Der Auslöser: Den Auftakt dieser Beschallungsoffensive macht Christian Stocker, der seine mehrtägige Indien-Reise inklusive einer 60-köpfigen Wirtschaftsdelegation im geschützten Rahmen der Eigenproduktion rechtfertigen darf. Das Format wird auf sämtlichen Plattformen wie Spotify und YouTube gestreut, um die staatliche Message flächendeckend zu platzieren.
Wer sagt was:
- ÖVP-Bundeskanzler Christian Stocker bemüht das hohe Gut der Demokratie, um dieses PR-Instrument zu legitimieren, indem er behauptet: „Demokratie lebt davon, dass Menschen verstehen, was wir tun“.
- Er möchte einen vermeintlichen Blick hinter die Kulissen gewähren, da seiner Meinung nach hinter jeder Entscheidung mehr stecke, „als eine Schlagzeile zeigen kann – Gespräche, Abwägungen, Zusammenhänge, die oft unsichtbar bleiben“.

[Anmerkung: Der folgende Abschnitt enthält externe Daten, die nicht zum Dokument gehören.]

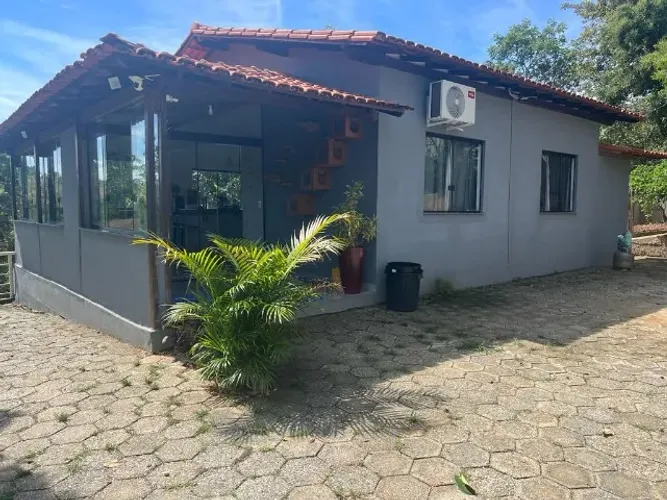 Sitio 1500 m², condomínio fechado, casa, pomar, campo de futebol, bem localizado.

- Mit der Floskel „Vertrauen in Politik entsteht durch Verständnis“ versucht er, die einseitige Information als vertrauensbildende Maßnahme zu verkaufen.
Das Sittenbild:
- Hier wird ein perfides Spiel mit der Transparenz getrieben, indem man den Bürgern vorgaukelt, echte Einblicke zu geben, während man in Wahrheit die journalistische Kontrolle komplett ausschaltet.
- Es entsteht ein Zerrbild der Realität, in dem Widersprüche und kritische Nachfragen zum Indien-Trip oder zur geopolitischen Strategie im weichen Klangteppich einer Eigenproduktion einfach weggemischt werden.
- Das ist Message-Control 2.0 in Reinkultur, bei der das Kanzleramt die lästige journalistische Gegenfrage einfach durch eine hausinterne Audio-Dauerbeschallung ersetzt.
Zwischen den Zeilen:
- Die Moderation durch das eigene Personal stellt sicher, dass keine kritischen Distanz- oder Kontrollfragen den Redefluss der Regierung stören.
- Mit einer Laufzeit von rund 15 Minuten wird eine mundgerechte PR-Show serviert und gezielt die Aufmerksamkeitsspanne einer analogen Generation bedient, die nun digital bespielt werden soll.
- Es handelt sich um eine kalkulierte Audio-Offensive, bei der das Kanzleramt die kritische journalistische Gegenfrage durch eine kontrollierte Dauerbeschallung ersetzt, um die eigene Deutungshoheit ohne Störfaktoren zu zementieren.
Follow the money: „Hof-Funk“ – finanziert wird dieser „Hofberichterstattungs-Funk“ aus dem Budget des Bundeskanzleramtes, also direkt vom Steuerzahler, der nun für seine eigene Beschallung aufkommen muss. Obwohl die Produktion „hausintern“ erfolgt, binden die wöchentlichen Formate wertvolle Personalressourcen und Infrastruktur des eigenen Hauses.
Die andere Sicht: Die offizielle Seite beharrt darauf, dass dieser Kanal notwendig sei, da laut Stocker viele Abwägungen in der normalen Berichterstattung „unsichtbar bleiben“. Man gibt vor, lediglich das „kommunikative Angebot“ zu erweitern, um das verloren gegangene Vertrauen in die Politik durch kontrollierte „Einblicke“ zurückzugewinnen.
Warum das wichtig ist: Wenn das Kanzleramt anfängt, Journalismus zu simulieren, ist die Grenze zur reinen Staatspropaganda längst überschritten. Dass der Name des Formats ausgerechnet an die berüchtigte „Operation Ballhausplatz“ erinnert, zeigt entweder eine erschreckende Instinktlosigkeit der PR-Abteilung oder die völlige Gleichgültigkeit gegenüber historischen Parallelen. Manche Politiker sind eben nicht nur machtbewusst, sondern schlichtweg scherzbefreit.